Given the variety of results and differences in interpretations among previous imaging studies of human tonotopy, we sought to characterize the tonotopic maps in auditory cortex in more detail using fMRI. In particular, we were interested in addressing several open questions that have not been completely resolved, such as the number of frequency gradients, the orientation of the gradients relative to HG, and the variability of the gradients across subjects.



FMRI data were collected from 8 right-handed subjects (7 male, 1 female; ages 20-37 years). All subjects had normal hearing thresholds determined by a hearing test administered before scanning by a trained audiologist. Hearing thresholds were better than 20 dB HL in the range from 250 to 8000 Hz. Subjects gave informed consent under a protocol approved by the Institutional Review Board of the Medical College of Wisconsin and were compensated for their participation.

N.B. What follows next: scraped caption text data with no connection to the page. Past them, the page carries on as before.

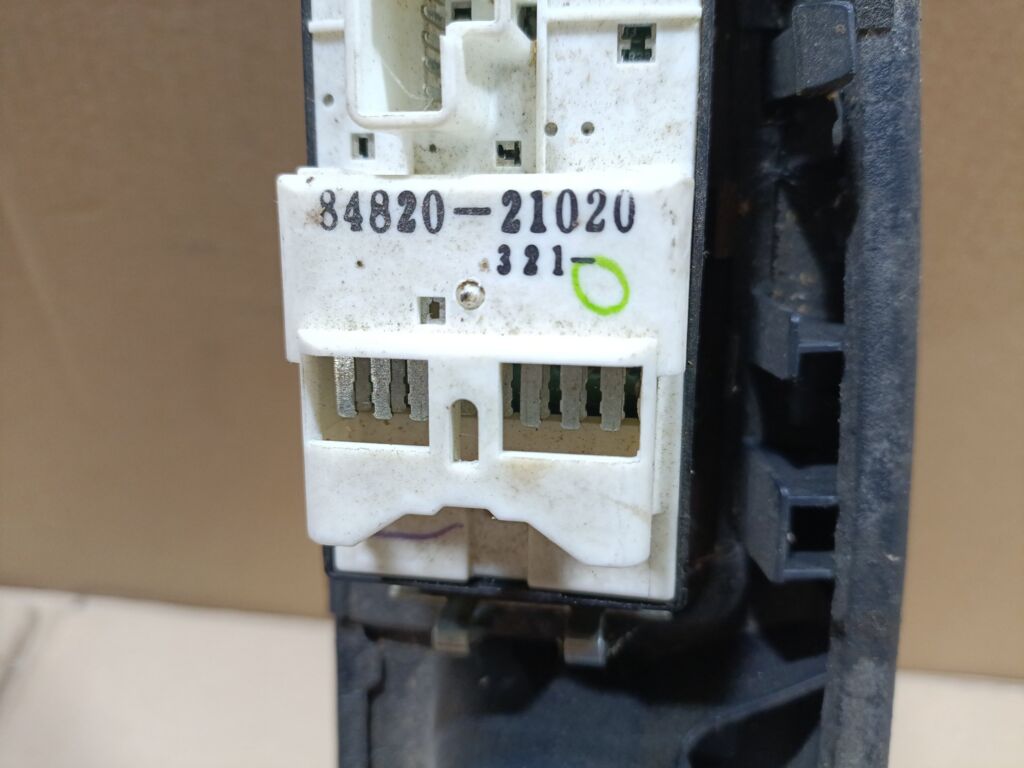 Блок упр-я стеклоподъемниками 84820-21020 на Toyota Caldina ST215G Фото 3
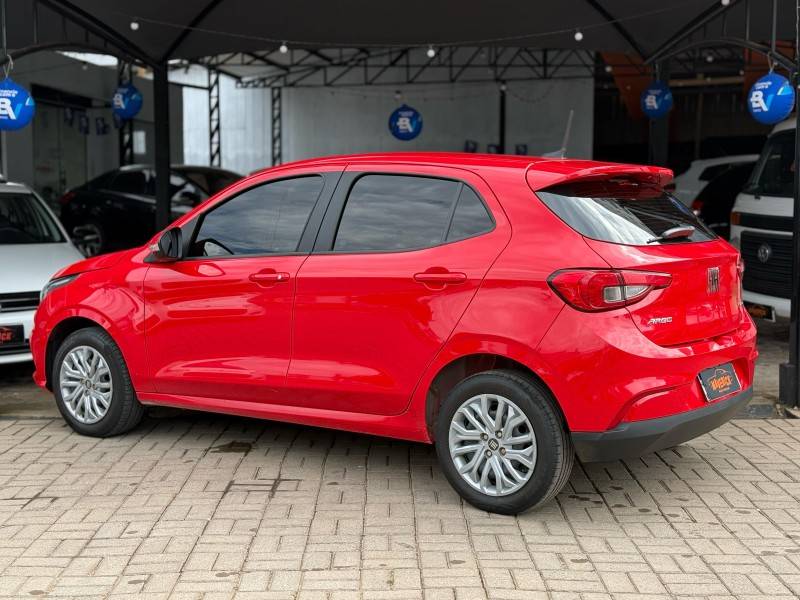 FIAT - ARGO - 2022/2022 - Vermelha - R$ 61.900,00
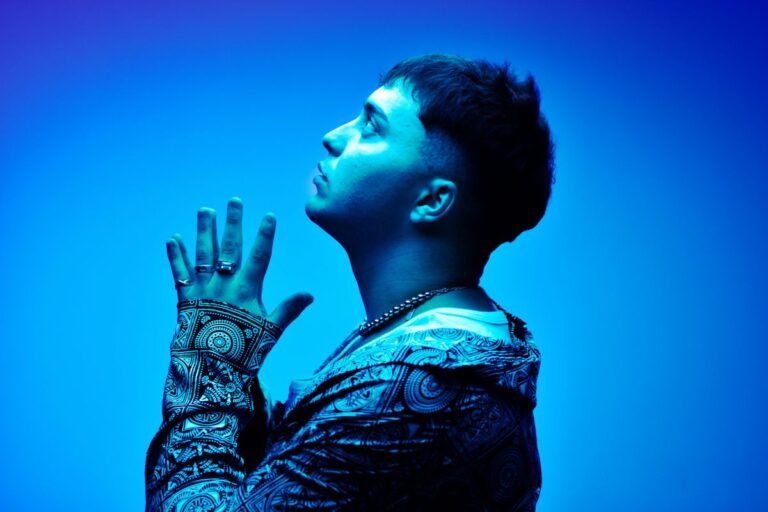 ROGLI, la nueva voz del pop urbano argentino, presenta Disculpame Señora
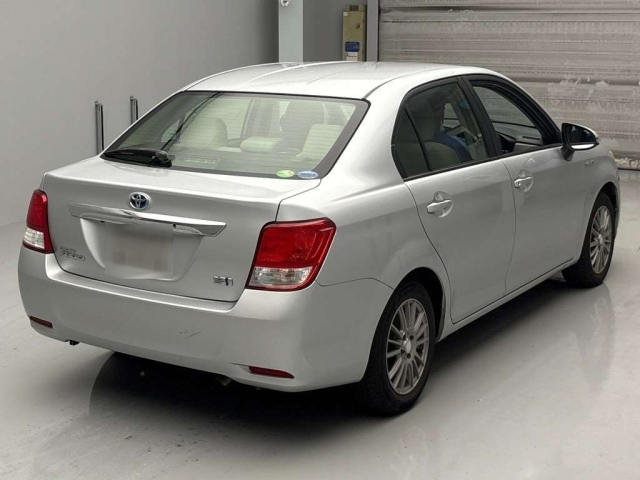 TOYOTA COROLLA AXIO 2013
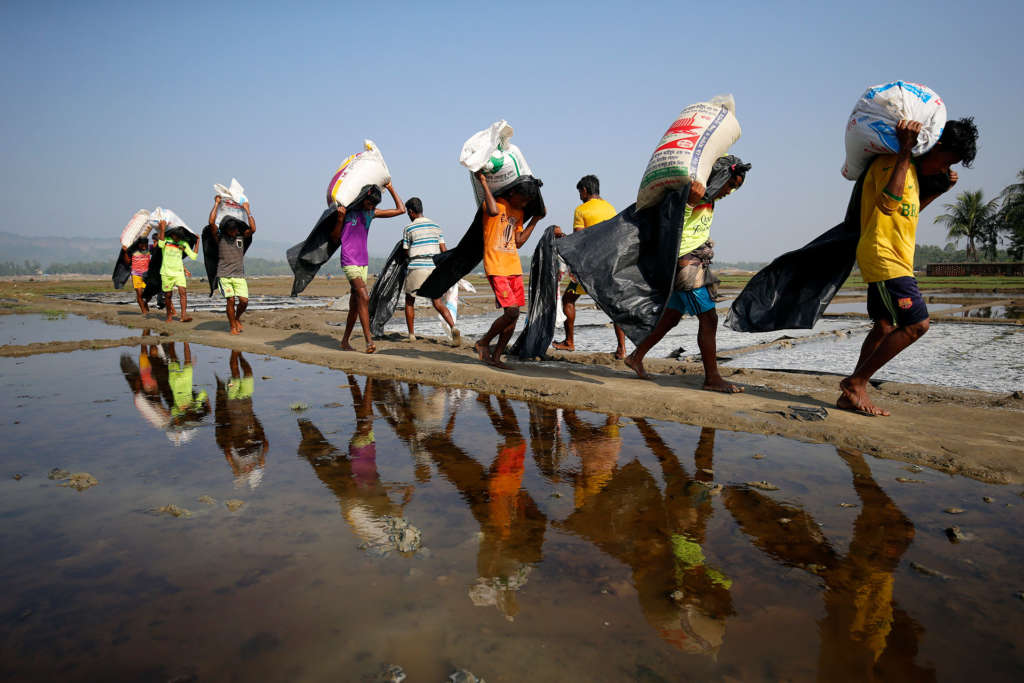 Over 500 Persecuted Rohingya Muslims Escape into Bangladesh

Stimuli were trains of complex tone bursts (see Figure 2). Each burst lasted 80 ms, with an inter-burst interval of 20 ms, resulting in a burst presentation rate of 10 Hz. Each train lasted 8 sec and contained 80 tone bursts. Each tone burst was comprised of either 2 or 3 sine tones. For an entire stimulus train, the frequencies of the sine tones were located in a band around one of the following six center frequencies: 200, 400, 800, 1600, 3200, or 6400 Hz. Tones in the 3-tone bursts included the following frequencies: 0.83*C, C, and 1.23*C, where C is the center frequency of the band. For example, frequencies present in the 3-tone burst centered around 200 Hz were 166, 200, and 246 Hz. Tones in the 2-tone bursts included the following frequencies: 0.90*C and 1.11*C. These ratios were selected so that the composite tones would have no harmonic relationships and would not produce a “missing fundamental” pitch, and so that the five tones comprising the stimulus train would be approximately equidistant in pitch space. All bursts had 20-ms exponential rise and fall envelopes to eliminate acoustic transients. Three-tone and 2-tone bursts alternated in a random pattern throughout the 8-sec stimulus train, producing the auditory equivalent of a 10-Hz stochastically alternating “checkerboard” in the spectral domain (Figure 2B). This alternating pattern was designed to provoke large responses in auditory cortical neurons, which tend to have increased firing rates at stimulus onset but often return to baseline before the end of the stimulus (Merzenich and Brugge 1973).

Figure 2
Stimuli used in the experiment. A) Waveform of one of the tone bursts; B) Schematic time-frequency plot of an example tone sequence; C) Average power spectrum of the six frequency conditions: 200, 400, 800, 1600, 3200, and 6400 Hz.

The intensity of all tone sequences was normalized to A-weighted 76.3 dB. Intensity was measured using a Bruel & Kjaer 2236 sound meter directly from the same electrostatic earphones used in the MRI scanner placed in an artificial head model.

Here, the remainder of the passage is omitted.